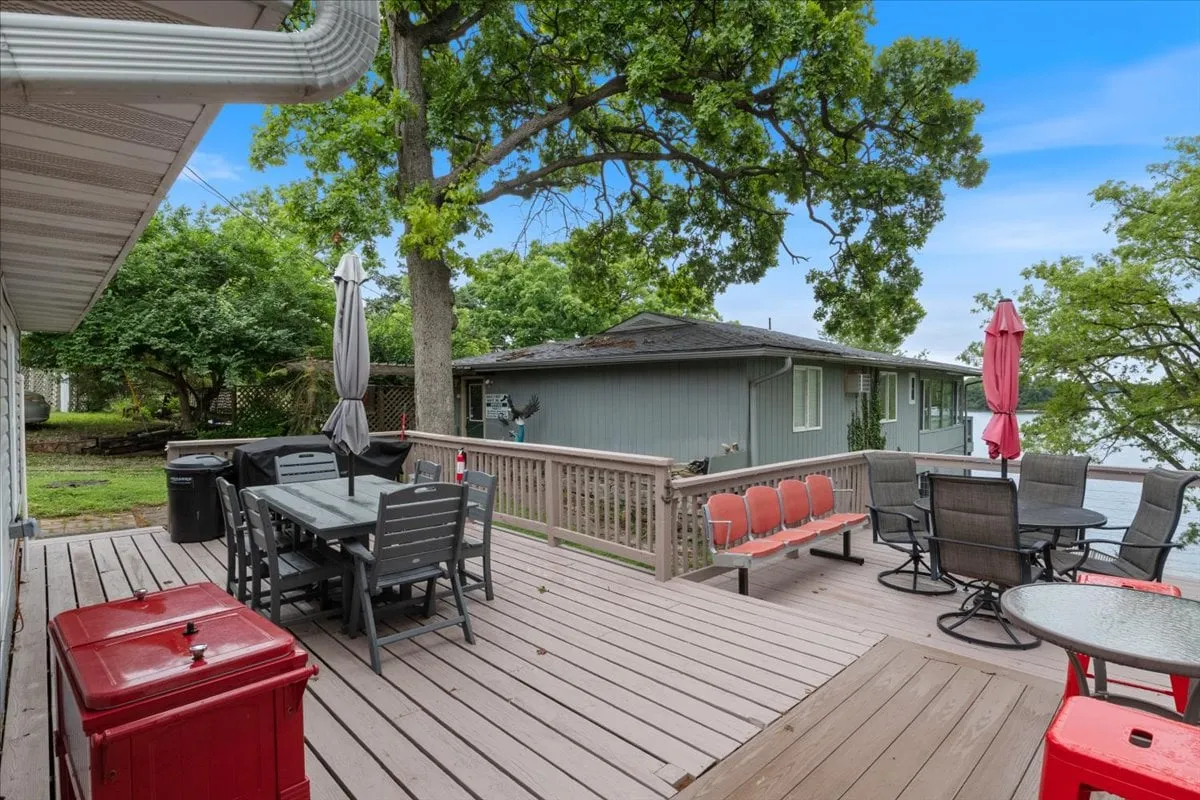 A spacious wooden deck with an outdoor dining set, red cooler, and patio umbrellas, overlooking the water. The area is lively, inviting, and perfectly suited for gatherings or unwinding outdoors with pets nearby.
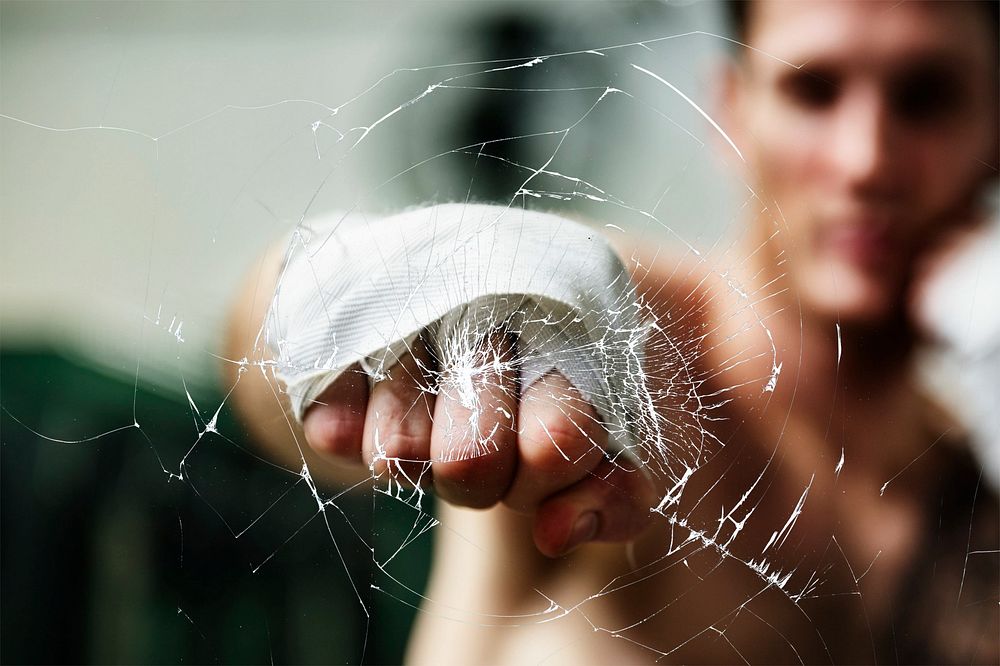 Man punching glass, cracked effect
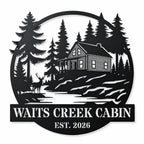 Personalized black metal cabin sign featuring a log cabin, pine trees, deer and custom family name.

> TASK DETAILS: Print the material above word for word, and keep the pictures out of it.

> EXERCISE ANSWER:
 A spacious wooden deck with an outdoor dining set, red cooler, and patio umbrellas, overlooking the water. The area is lively, inviting, and perfectly suited for gatherings or unwinding outdoors with pets nearby.
 Man punching glass, cracked effect
 Personalized black metal cabin sign featuring a log cabin, pine trees, deer and custom family name.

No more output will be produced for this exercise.